The Mudcat Café TM
Thread #119547   Message #2606324
Posted By: GUEST,glueman
07-Apr-09 - 06:21 AM
Thread Name: 1954 and All That - defining folk music
Subject: RE: 1954 and All That - defining folk music
Speaking purely from observation, there are people who simply don't like music. Apart from humming the odd music hall tune my mother never put music on the radio or gramophone purely for pleasure in her adult life, neither would she seek out places where music was played. My father likewise, though he had a few army songs he'd come up with on a long walk. Now you could say they were both conduits for the folk process in action, or you could say they just didn't respond to music that went much further than a nursery rhyme to fill an empty moment.

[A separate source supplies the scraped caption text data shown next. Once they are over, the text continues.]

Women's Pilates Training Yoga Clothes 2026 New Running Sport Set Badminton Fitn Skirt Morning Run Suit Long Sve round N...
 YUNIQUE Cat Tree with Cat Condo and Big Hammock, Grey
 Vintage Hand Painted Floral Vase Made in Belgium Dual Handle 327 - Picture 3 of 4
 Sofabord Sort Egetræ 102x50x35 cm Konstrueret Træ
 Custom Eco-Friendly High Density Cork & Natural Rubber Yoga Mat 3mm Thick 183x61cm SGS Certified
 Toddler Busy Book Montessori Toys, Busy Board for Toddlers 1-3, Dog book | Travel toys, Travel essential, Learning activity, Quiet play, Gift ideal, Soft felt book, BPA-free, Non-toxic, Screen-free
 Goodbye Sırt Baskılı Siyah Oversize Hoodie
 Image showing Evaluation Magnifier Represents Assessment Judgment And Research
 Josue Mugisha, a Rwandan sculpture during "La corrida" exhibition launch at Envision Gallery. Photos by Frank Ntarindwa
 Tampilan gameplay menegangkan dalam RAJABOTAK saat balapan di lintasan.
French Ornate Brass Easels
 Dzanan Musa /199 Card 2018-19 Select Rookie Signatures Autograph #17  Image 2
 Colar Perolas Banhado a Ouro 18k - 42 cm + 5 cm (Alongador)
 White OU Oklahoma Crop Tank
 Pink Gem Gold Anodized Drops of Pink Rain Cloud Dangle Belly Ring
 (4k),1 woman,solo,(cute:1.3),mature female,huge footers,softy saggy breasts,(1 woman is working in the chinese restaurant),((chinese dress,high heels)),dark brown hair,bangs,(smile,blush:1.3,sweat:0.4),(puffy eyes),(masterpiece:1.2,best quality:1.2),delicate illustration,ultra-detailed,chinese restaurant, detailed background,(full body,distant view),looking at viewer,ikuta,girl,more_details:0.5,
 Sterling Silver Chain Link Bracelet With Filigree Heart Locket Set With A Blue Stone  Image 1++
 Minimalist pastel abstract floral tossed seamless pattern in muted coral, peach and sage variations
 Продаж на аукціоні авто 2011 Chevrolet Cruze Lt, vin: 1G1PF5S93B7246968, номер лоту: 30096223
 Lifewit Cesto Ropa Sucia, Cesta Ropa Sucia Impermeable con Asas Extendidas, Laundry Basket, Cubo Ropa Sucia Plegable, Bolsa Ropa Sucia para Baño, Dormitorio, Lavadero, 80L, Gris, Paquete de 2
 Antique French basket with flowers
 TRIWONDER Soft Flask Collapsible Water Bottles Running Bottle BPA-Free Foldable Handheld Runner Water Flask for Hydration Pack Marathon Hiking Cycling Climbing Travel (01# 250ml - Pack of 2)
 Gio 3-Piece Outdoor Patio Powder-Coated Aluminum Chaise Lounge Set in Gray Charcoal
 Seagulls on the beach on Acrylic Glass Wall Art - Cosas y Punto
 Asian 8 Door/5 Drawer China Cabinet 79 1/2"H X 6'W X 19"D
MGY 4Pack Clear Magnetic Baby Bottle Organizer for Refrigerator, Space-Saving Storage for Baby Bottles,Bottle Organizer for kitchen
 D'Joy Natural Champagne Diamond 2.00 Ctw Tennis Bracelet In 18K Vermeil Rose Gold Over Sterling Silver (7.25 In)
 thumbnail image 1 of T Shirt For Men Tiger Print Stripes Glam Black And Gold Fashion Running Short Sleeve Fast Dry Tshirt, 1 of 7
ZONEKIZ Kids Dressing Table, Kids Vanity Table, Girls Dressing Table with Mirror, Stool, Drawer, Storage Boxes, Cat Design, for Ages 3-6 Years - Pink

Experience suggests some people who claim to like folk music exclusively operate with a similar emotion detachment to what most of us might understand by music. The tradition in its more austere forms requires little intuitive response to musicality but is more demanding on recall, repetition and what one might call poetics. I defer to no-one in an enjoyment of austerity in folk, classical or any other genre but the 'pleasures of the text' are undoubtedly different from those of tuneful forms.
Clearly there are exceptions but if I were to make a box that fit a larger percentage of arch traditionalists than excluded them it would be one that contained structured works which did not rely on empathetic musical emotion for their thrall.